Two congressmen in the Florida delegation have teamed up to call for the National Institute of Standards and Technology (NIST) to create a data clearinghouse for composite building materials.
Last week, U.S. Rep. Daniel Webster, R-Fla., showcased his “NIST Creation of Composite Standards Act” which has U.S. Rep. Bill Posey, R-Fla., as a cosponsor. Other backers include U.S. Rep. Chellie Pingree, D-Maine, and U.S. Rep. Jerry McNerney, D-Calif.
Webster offered the rationale behind the proposal, pointing to the key role infrastructure plays in the Sunshine State.
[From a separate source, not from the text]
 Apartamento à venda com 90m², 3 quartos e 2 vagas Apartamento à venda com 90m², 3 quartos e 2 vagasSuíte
“Infrastructure is critical to Florida’s economy, which is dependent on moving goods and people efficiency and effectively,” Webster said. “Composites can help reduce construction costs and timeline and decrease the overall lifecycle costs associated with maintenance and repair. This helps maximize the value of every infrastructure dollar. Allowing NIST to conduct this vital research and establish nationally accepted composite standards will permit contractors and businesses to make the best decision for Americans and our country.”
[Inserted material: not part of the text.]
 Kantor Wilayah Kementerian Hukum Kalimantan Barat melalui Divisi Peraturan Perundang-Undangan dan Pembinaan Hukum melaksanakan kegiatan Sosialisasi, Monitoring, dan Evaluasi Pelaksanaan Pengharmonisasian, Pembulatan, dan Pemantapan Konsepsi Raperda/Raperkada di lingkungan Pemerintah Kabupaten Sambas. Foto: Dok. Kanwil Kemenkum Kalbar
“Composite materials are currently used for everyday purposes such as constructing bridges, watercraft, airplanes, sea walls, buildings, and much more. Use of these materials allow us to build more resilient products that maintain a higher resistance to many of the environmental factors that deteriorate traditional building materials. This bill will provide the standards needed to guide future composite material projects. NIST presently defines composite materials as, ‘polymers strengthened with fibers or other additives,’” Webster’s office noted.
The bill was sent to the U.S. House Science, Space, and Technology Committee last week. So far, there is no companion measure over in the U.S. Senate.